Alba’s jaw trembles.
Her bravery is cracking under the weight of being six and having to be forty.
She looks over your shoulder, at your car, at Tiago, at your suit, and she makes a decision with the seriousness of a judge.
“Only if you don’t touch him,” she says. “I carry him.”
You nod. “Deal,” you reply.
Then you turn slightly toward Tiago. “Hospital,” you say. “Now.”
Tiago’s eyes widen, but he moves fast, opening the rear door and clearing the seat like it’s a stretcher.
Alba walks toward the car slowly, still watching your hands like they might suddenly become claws.
When she passes you, you catch the smell of smoke on her hair and something sour that tells you she hasn’t eaten in too long.
Your throat tightens with anger at a world that let this happen within city limits.
You keep your face calm because kids can smell pity the way dogs smell thunder.
In the car, Alba sits with Nico pressed to her chest, body curled around him like a nest.
You sit in front, staring out the window, but your thoughts spin.
You think about the nursery room in your mansion, the one you never opened because it felt like mocking yourself.
Now you can’t stop imagining that room with a small blanket and a small laugh and a name spoken without grief behind it.
At the hospital, the staff moves fast because money speaks even when you don’t.
A nurse asks questions, but Alba clams up, eyes darting like trapped light.
You don’t lie. You don’t embellish. You just state facts: “We found them near an abandoned building. The baby is weak. The girl is protective and terrified.”
The nurse’s expression softens, and she nods as if she understands the language of fear.
They take Nico first.
Alba stands up so sharply the chair scrapes.
“No,” she says, voice rising, “no, no, don’t take him—”
You kneel slightly, bringing your eyes level with hers, keeping your voice steady.
“He needs help,” you say. “You can stay right there.
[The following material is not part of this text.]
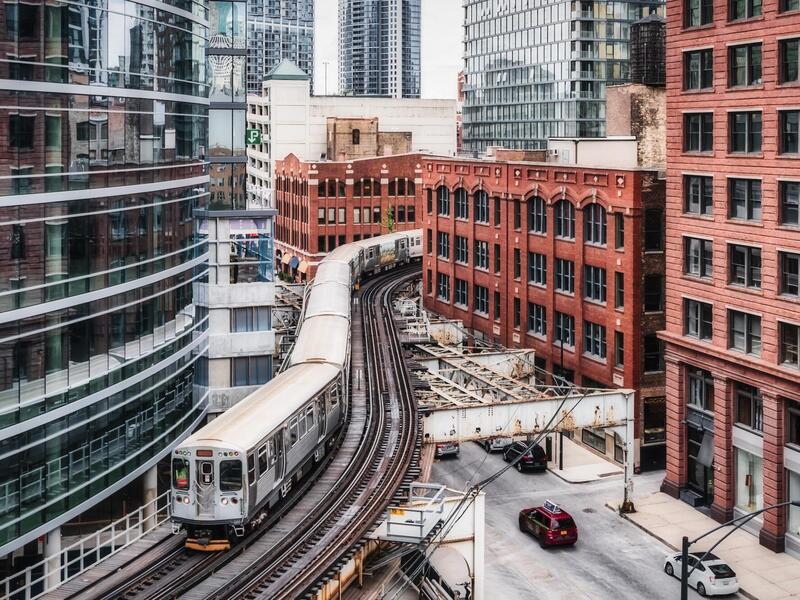 above-ground subway train snakes its way through the city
You can see him. I won’t let anyone disappear him.”
That’s a promise you don’t make lightly.
Because you can feel it: Alba isn’t just afraid of hospitals.
She’s afraid of systems.
And somewhere in your past, you recognize that fear, because systems are excellent at helping people who already belong.
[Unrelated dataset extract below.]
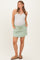 woman wearing a light green maternity skort with pockets and a white ribbed tank top, showing her baby bump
While doctors work on Nico, a social worker arrives.
She speaks gently, asks about parents, addresses, school, names.
Alba’s eyes flick to you like you’re her translator now.
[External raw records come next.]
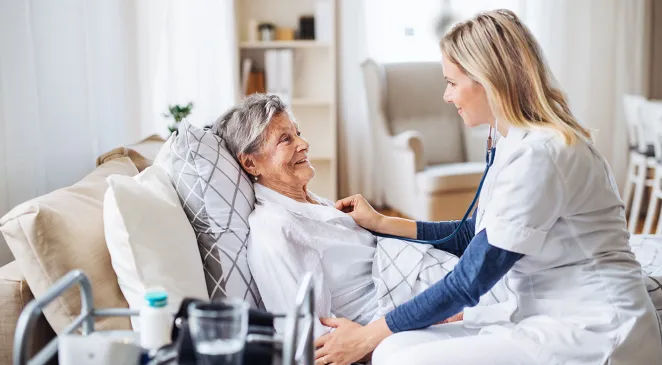Caregiver checking the vitals of an elderly woman at home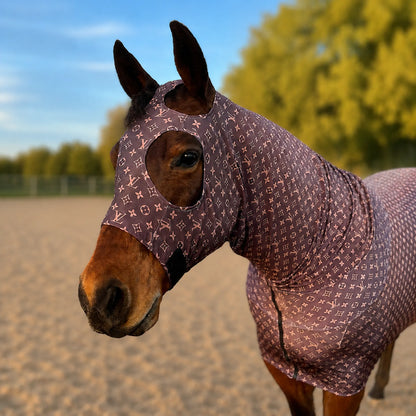 A horse wearing a LV brown full body sleazy in an outdoor paddock with trees and sky in the background.
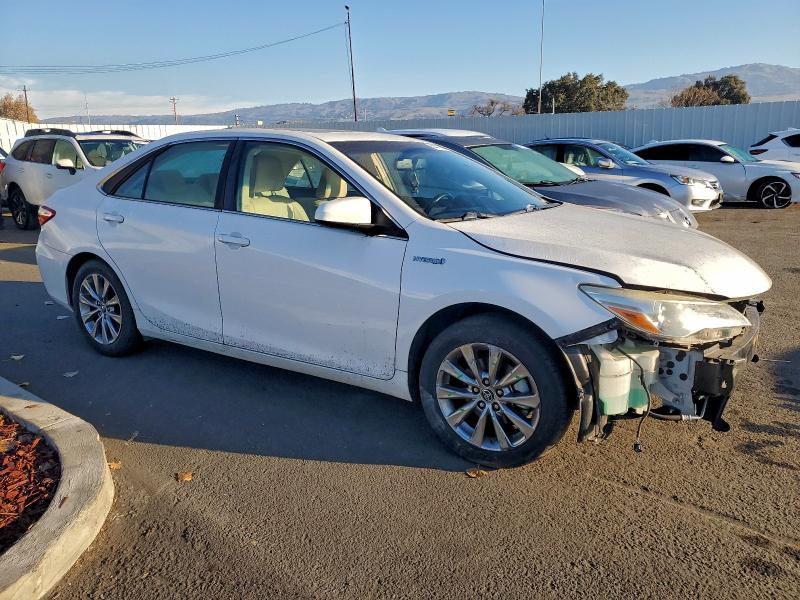 Photo 4 from auction – 2015 TOYOTA CAMRY HYBR with VIN 4T1BD1FK2FU153746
You feel something strange settle in your chest: responsibility, heavy and warm.
“Alba,” you ask quietly, “where is your mom?”
Alba swallows hard.
“She said she’d come back,” she whispers, and your heart sinks because the sentence is older than Alba.
“How long ago?” you press softly.
Her eyes fill with tears she refuses to drop.
“Three days,” she says. “But before… she left too. She always left.”
Your jaw tightens. The story is writing itself in bruises and silence.
You glance at the social worker and see the professional sorrow in her eyes.
Hours pass in a blur of fluorescent lights and paperwork.